SHOLOMITSKA

A space designed to disappear behind the objects it holds.

The café comes first — or at least, the smell of coffee does. Guests choose their own cup before ordering, testing the product the only honest way: by using it. The bar counter is clad in custom tile by our studio, where fragments of vessels appear to emerge from raw clay, caught mid-birth.

Walls, floor, and ceiling share nearly the same warm tone, separated only by texture and the subtlest shift in hue — the same logic as the ceramics themselves: alike at first glance, distinct on closer inspection.

Rounded openings echo the brand’s signature loops and rings, making the architecture another object in the collection. A mirrored arch marks the boundary between two roles: visitor on one side, owner on the other.
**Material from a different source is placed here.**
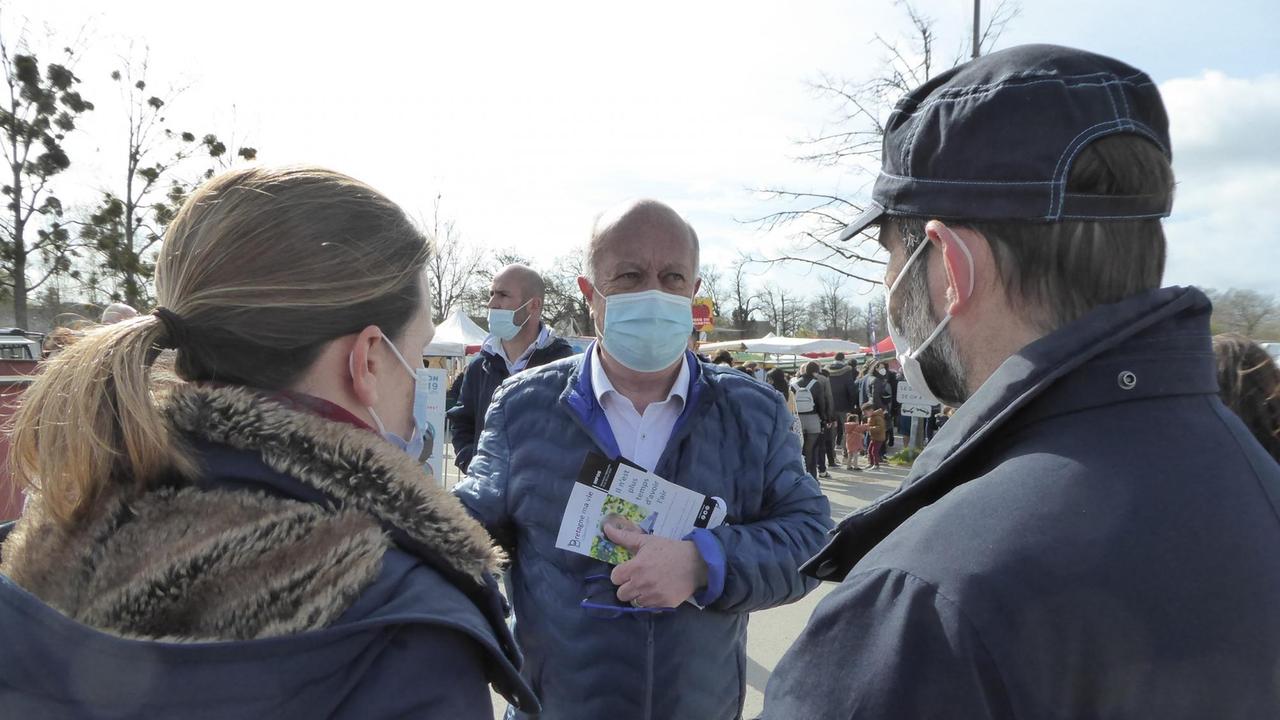 Ein Mann mit Mundschutz, blauem Anorak und Prospekten, die er vor der Brust festhält, unterhält sich mit einem Pärchen. Ein Mann mit Mundschutz, blauem Anorak und Prospekten, die er vor der Brust festhält, unterhält sich mit einem Pärchen.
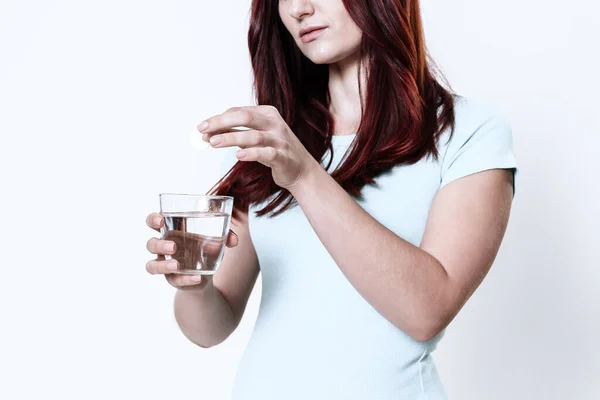 Mujer vierte medicina en un vaso de agua. — Foto de Stock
Shelves sit at living-room height — never climbing the walls — so every piece is easy to imagine at home. At the far end, a large wooden cabinet curves into a quiet arc: proof that familiar forms can still surprise, just as the brand’s modernist shapes reveal themselves differently each time.

Outside, the building is historic Kyiv stone. We matched the entrance — steps, ramp, all surfaces — in crushed granite chosen to disappear into the facade. Nothing competes for attention. From the street, the eye goes straight through the glass to the objects inside, and in the evening, to the warm light that holds them.